Chapter 13 Plan Modification: 11 U.S.C. 1329 allows a Bankruptcy debtor to modify a confirmed repayment plan to lower payments to unsecured creditors based upon changed circumstances (i.e. loss of income and/or increased household expenses). Conversely, a Chapter 13 trustee or creditor can move to modify a plan payment upwards based on a debtor’s increased income or reduced expenses.
Now, Congress has temporarily enacted Section 1329(d) of the Bankruptcy Code to allow only a debtor (and not the trustee or any unsecured creditor) in Colorado to modify plan duration (which normally has a 5 year maximum) for a Chapter 13 plan confirmed before March 27, 2020 to a 7 year maximum (starting from the date the first plan payment is due 30 days after the Bankruptcy Petition is filed) if the debtor’s monthly disposable income is directly or indirectly impacted by the Coronavirus. The Motion to Modify Plan is required to be filed before March 27, 2021 so this loophole will sunset after one year unless legislative extended.
A gray area now is that (unless Congress also fixes this glitch) Debtors who have already filed for Chapter 13 relief but who haven’t confirmed a plan as of March 27, 2020 are not eligible for Section 1329(d) protection. And Chapter 13 cases filed after March 27, 2020 also don’t currently fit into to Section 1329(d) protections.

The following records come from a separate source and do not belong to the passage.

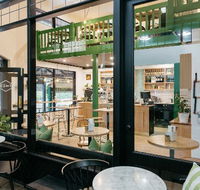 FRED Eatery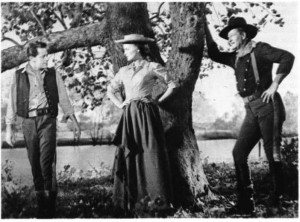 John Ford Kahraman Süvariler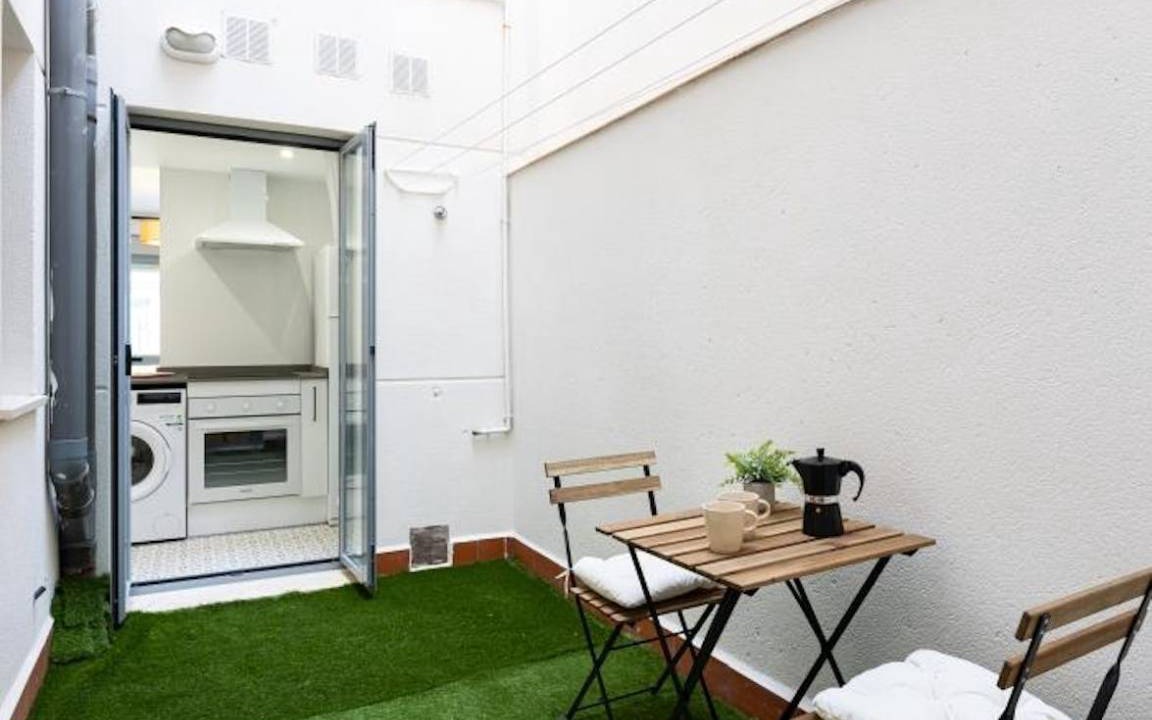 Photo of Patio Balcony in Centro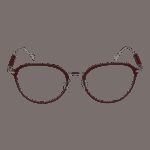 Tod's To5246 51067 (TO5246 51067) Women's EYEWEAR_1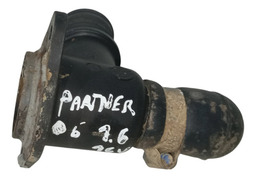 FLANGE BOMBA ÁGUA PEUGEOT PARTNER 1.6 9640868480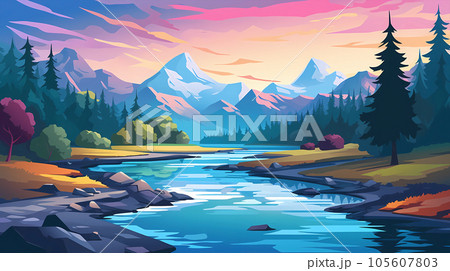 漫画 マンガ 林 105607803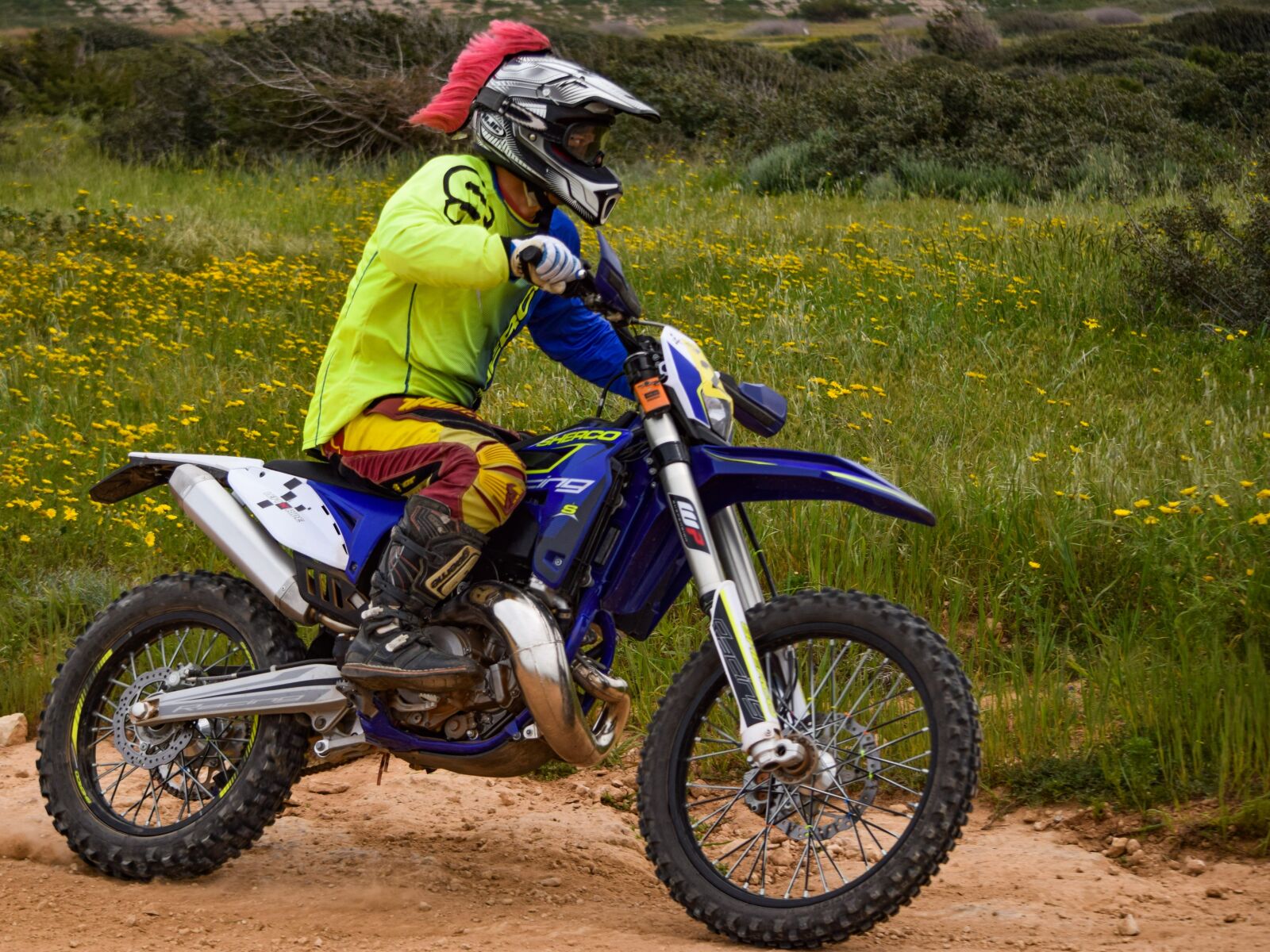 Nikon D3300 sample photo. Bike, hurry, wheel photography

Seven years is a long time to be in Chapter 13 Bankruptcy but having two additional years to pay the same amount to secured and unsecured creditors interest free and getting a subsequent court ordered discharge of debts surely beats your case being dismissed. As an experienced Chapter 13 attorney in Denver and the rest of Colorado, I will be closely monitoring my existing cases to determine if plan modification is appropriate.

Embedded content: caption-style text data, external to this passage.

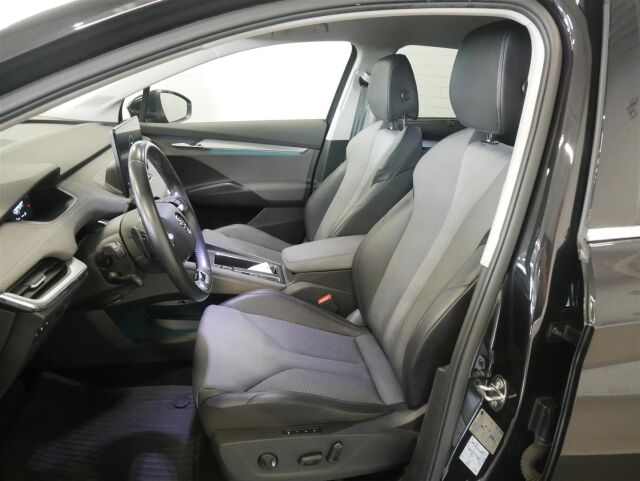 SKODA Enyaq 2021 60 iV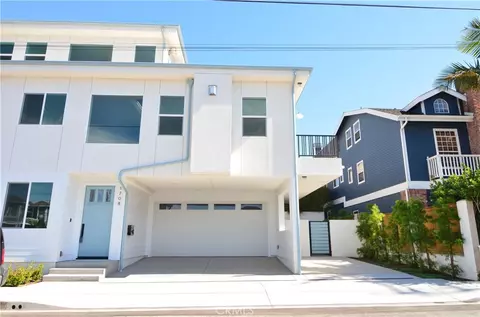 1708 Blossom Ln, Redondo Beach, CA 90278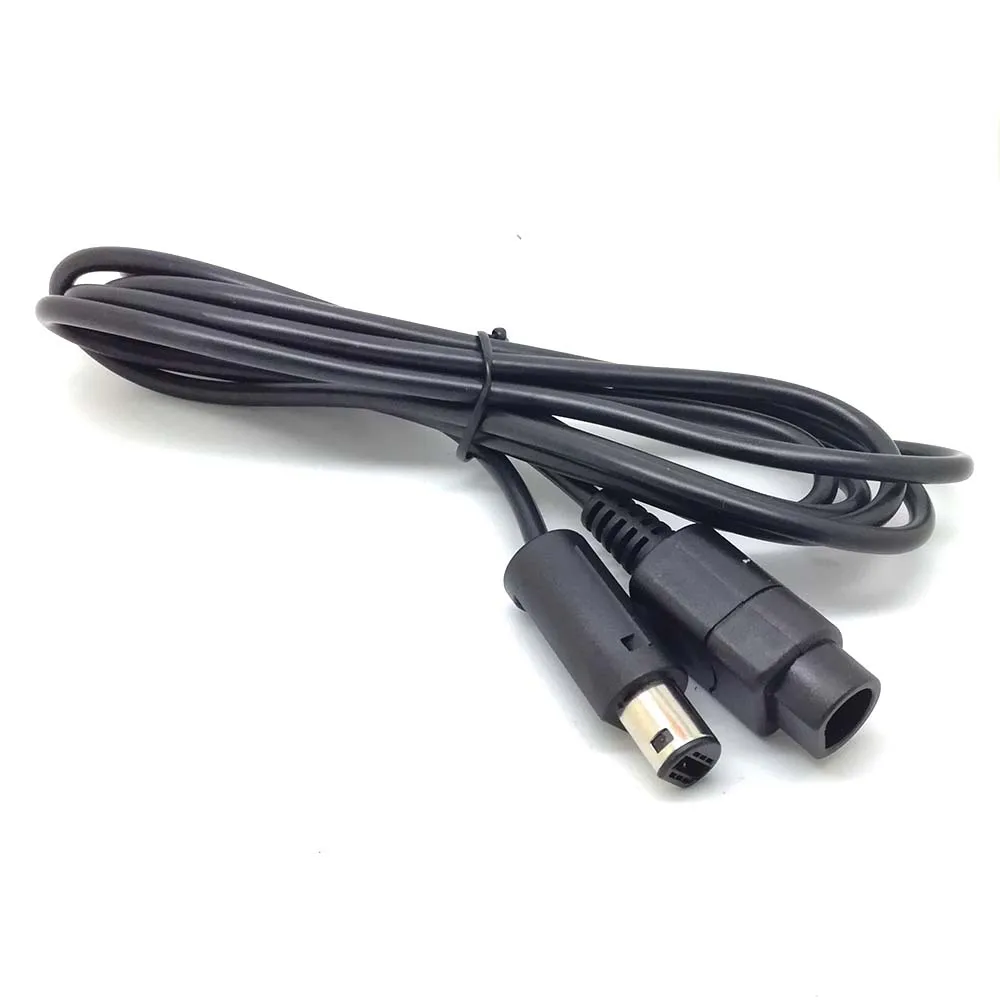 1.8m Controller Extension Cable Cord for Nintendo GameCube NGC Controller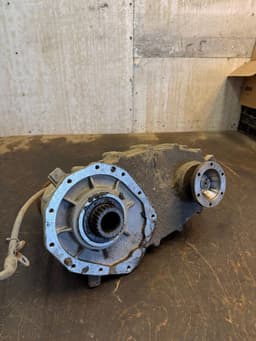 MERCEDES-BENZ A6392800200 A639280020080 Transfer Box MERCEDES-BENZ VITO / VIANO (W639) (2003-2014) — thumbnail 2
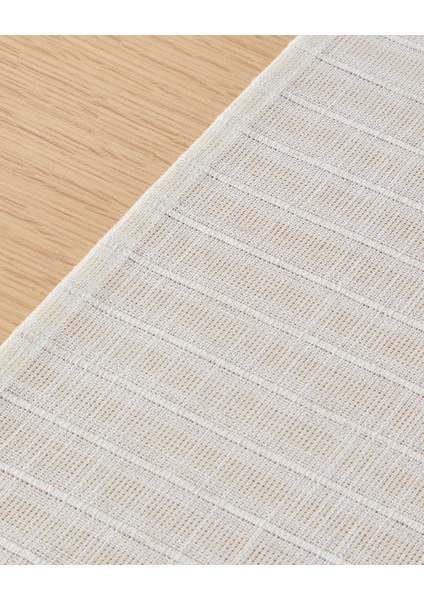 Harmonia Polyester Runner 40X140 cm Bej fiyatları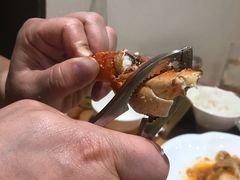 -香港厨房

Medical bills: COVID-19 does not change the relatively easy dischargeability of medical bills incurred before filing Bankruptcy in Colorado (i.e. medical bills are incurred before the Petition date regardless of how long it takes to later receive a medical bill). So, from a strategy standpoint, it may be beneficial to wait until after any anticipated and expensive but medically necessary Coronavirus treatments are undergone before filing Bankruptcy.Small Business Bankruptcy
Due to COVID-19, I’ve received a disproportionate share of Bankruptcy inquiries from restaurant owners, yoga/gym/fitness instructors, folks who operate boutique stores and other small business owners in Colorado often capriciously deemed by government fiat to be “non-essential” who are now (temporarily or permanently) out of business. (Even running a small business as a Denver Bankruptcy attorney during the good times is not for the faint of heart! Now add the crippling impact of a pandemic to the bottom line.)

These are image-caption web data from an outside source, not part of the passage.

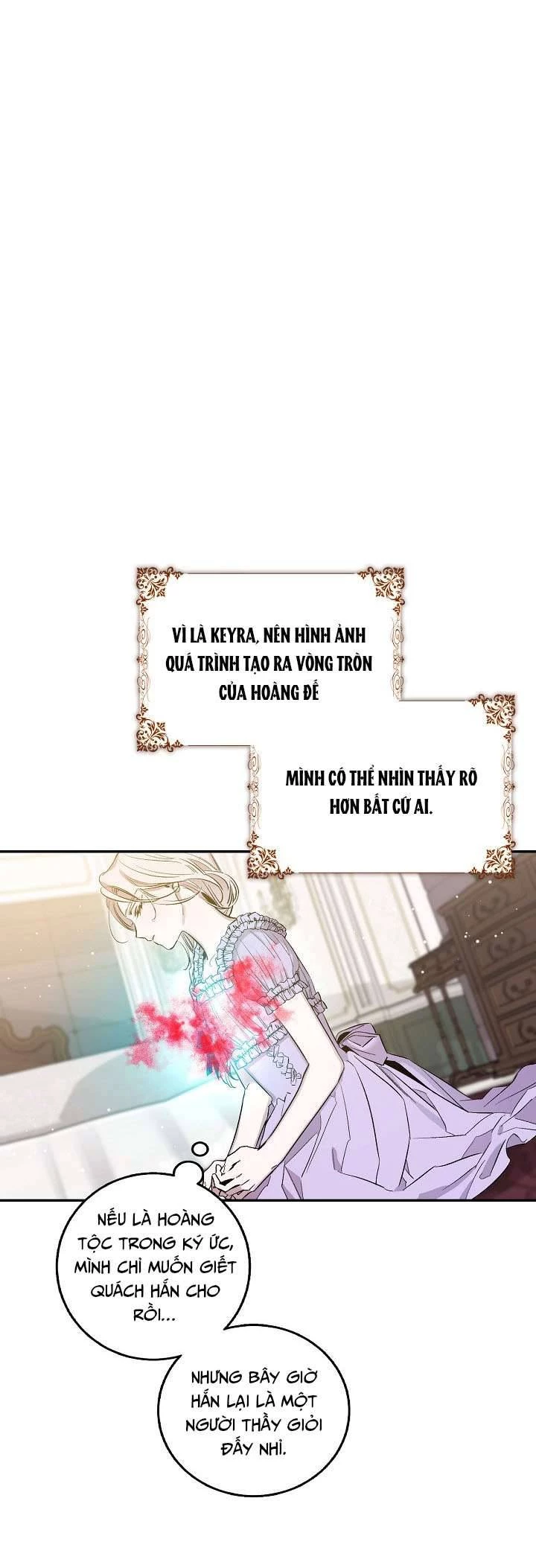 Tôi Đã Thuần Hóa Một Tên Bạo Chúa Và Chạy Trốn Chapter 3 - 51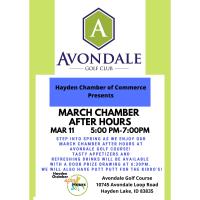 Chamber After Hours - May 13, 2020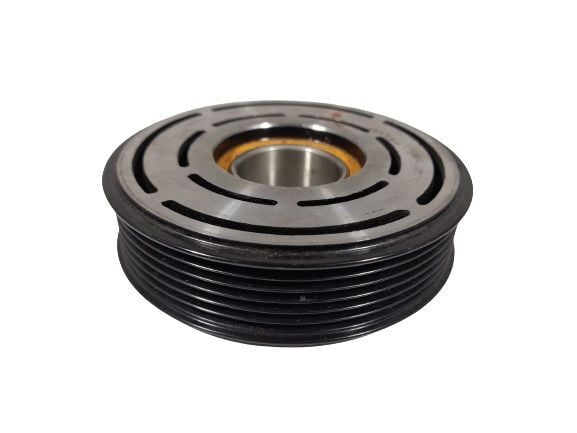 KLİMA KASNAK (PV6) RENAULT LAGUNA III 125MM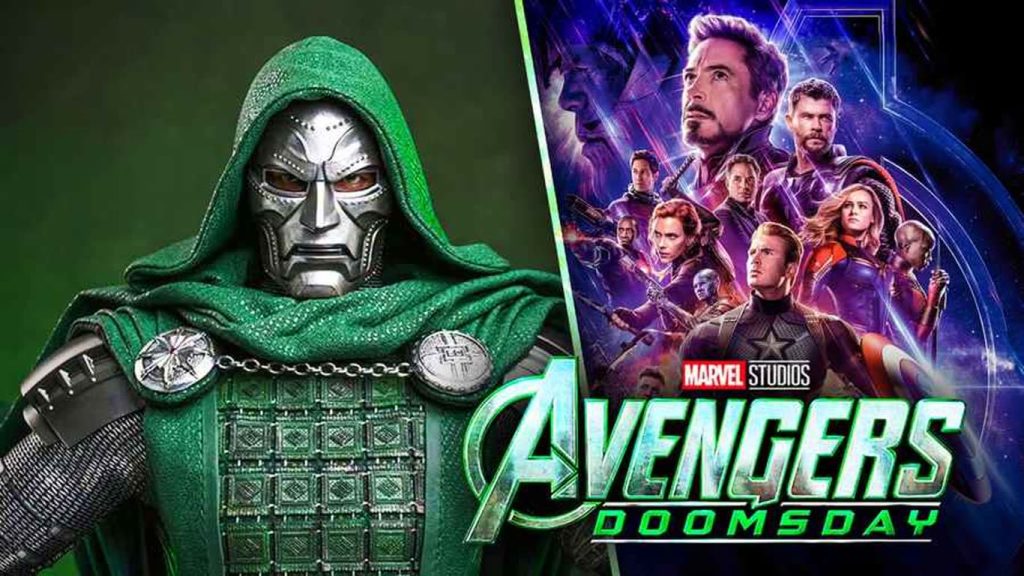 برادران روسو از جمع‌آوری قهرمانان بیشتر توسط دکتر دووم در Avengers: Doomsday می‌گویند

The overwhelming majority of small business owners remain eligible to discharge all or part of unsecured debt in a personal Chapter 7 or Chapter 13 Bankruptcy (without having to also expend further resources to file Bankruptcy in the name of the business absent extraordinary circumstances) while keeping all personal assets, mostly notably a house with equity. (Colorado’s residential real estate prices as of April 2020, particularly in the Denver area, have only been minimally affected by the Coronavirus but I expect this to change long term as the Coronavirus continues to leave a financially catastrophic imprint.)